Topical Steroid Addiction (TSA) & Red Skin Syndrome (RSS) – Medical Errors

Medical errors are now the third leading cause of death in the United States. This is due to wrong diagnosis, wrong medications, and wrong medical management, wrong techniques, and preventable infections acquired in hospitals.

Treatment mishaps must include topical steroid addiction (TSA) patients. Fortunately, these chronic steroid users do not die but they needlessly suffer due to being misdiagnosed with “chronic eczema” and mistreated with topical corticosteroids.  I have treated at least 25-30 patients who were markedly depressed and suicidal.

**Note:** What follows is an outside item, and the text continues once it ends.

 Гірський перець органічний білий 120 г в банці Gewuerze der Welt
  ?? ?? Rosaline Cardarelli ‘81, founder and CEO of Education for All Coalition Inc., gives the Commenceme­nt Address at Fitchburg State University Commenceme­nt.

Advertising is the modern substitute for argument; its function is to make the worse appear better.
Santayana

Since TSA patients continue to suffer, additional drugs are added to their drug regimen. New potent biological medications are being researched and marketed. These new medications work at the molecular level and their long lasting effects are unknown. Biologics have been used for arthritic problems, gastrointestinal problems, immune system problems, and for “bad eczema” patients. Most of the studies of these new drugs in the dermatologic patients allow the usage of corticosteroids concomitantly. Will the patients be cured? Long term data is not available. If the biological or other immunosuppressant drugs are used with steroids and the patients flare, then something else is always blamed, some hidden allergen, something the patient didn’t do right, some outside factor, some underlying internal problem. Multiple laboratory tests follow in search of an answer but invariably show no abnormality. The march goes on. The flares are from the steroids but continue to go unrecognized. The new drugs might indeed be excellent, but often the medical observations and the protocols are so flawed that the results are inconclusive.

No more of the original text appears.